# Dataset extract:
◇ ◇ ◇ ◇ ◇ ◇ ◇

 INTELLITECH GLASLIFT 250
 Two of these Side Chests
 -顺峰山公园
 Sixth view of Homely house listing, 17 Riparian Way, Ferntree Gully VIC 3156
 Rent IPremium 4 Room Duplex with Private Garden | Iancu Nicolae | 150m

◇ ◇ ◇ ◇ ◇ ◇ ◇

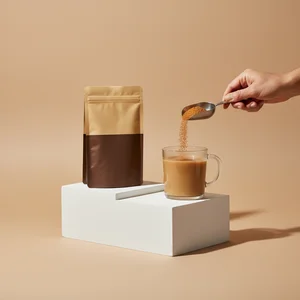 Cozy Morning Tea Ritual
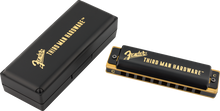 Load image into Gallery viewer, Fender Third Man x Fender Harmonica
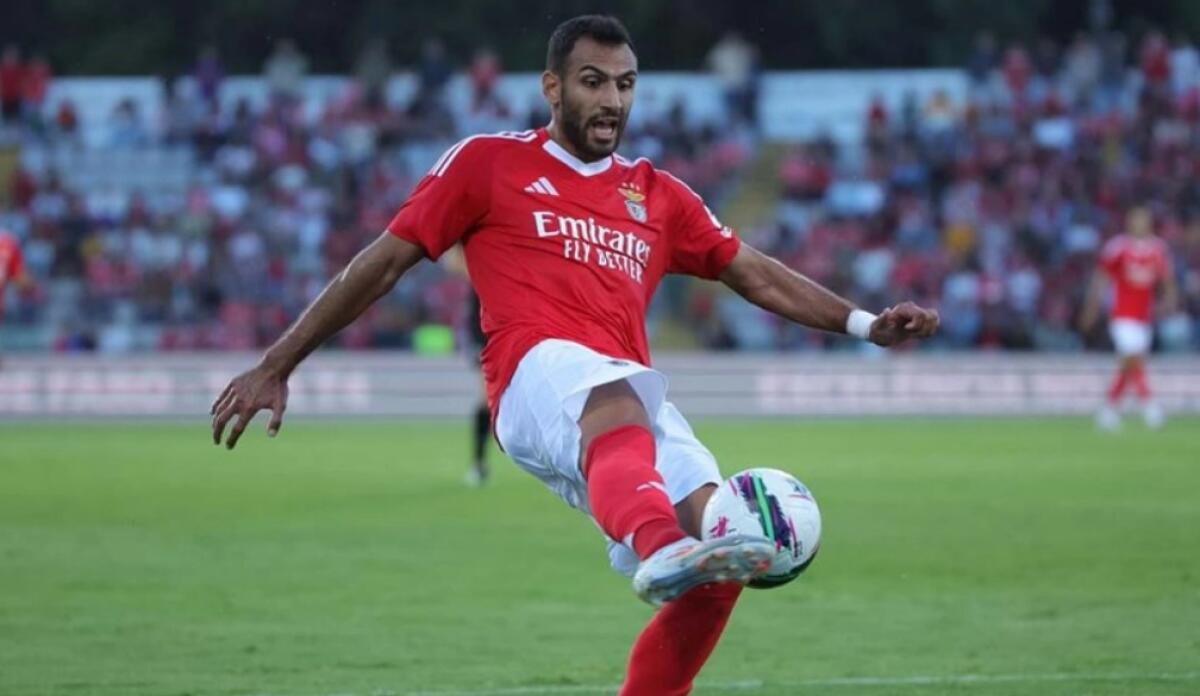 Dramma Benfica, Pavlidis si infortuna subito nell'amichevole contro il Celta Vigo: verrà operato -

◇ ◇ ◇ ◇ ◇ ◇ ◇

Within the material above, extract exactly the lines that start at the line containing "INTELLITECH GLASLIFT 250" and stop after the line containing "Rent IPremium 4", and only those.

# Task solution:
 INTELLITECH GLASLIFT 250
 Two of these Side Chests
 -顺峰山公园
 Sixth view of Homely house listing, 17 Riparian Way, Ferntree Gully VIC 3156
 Rent IPremium 4 Room Duplex with Private Garden | Iancu Nicolae | 150m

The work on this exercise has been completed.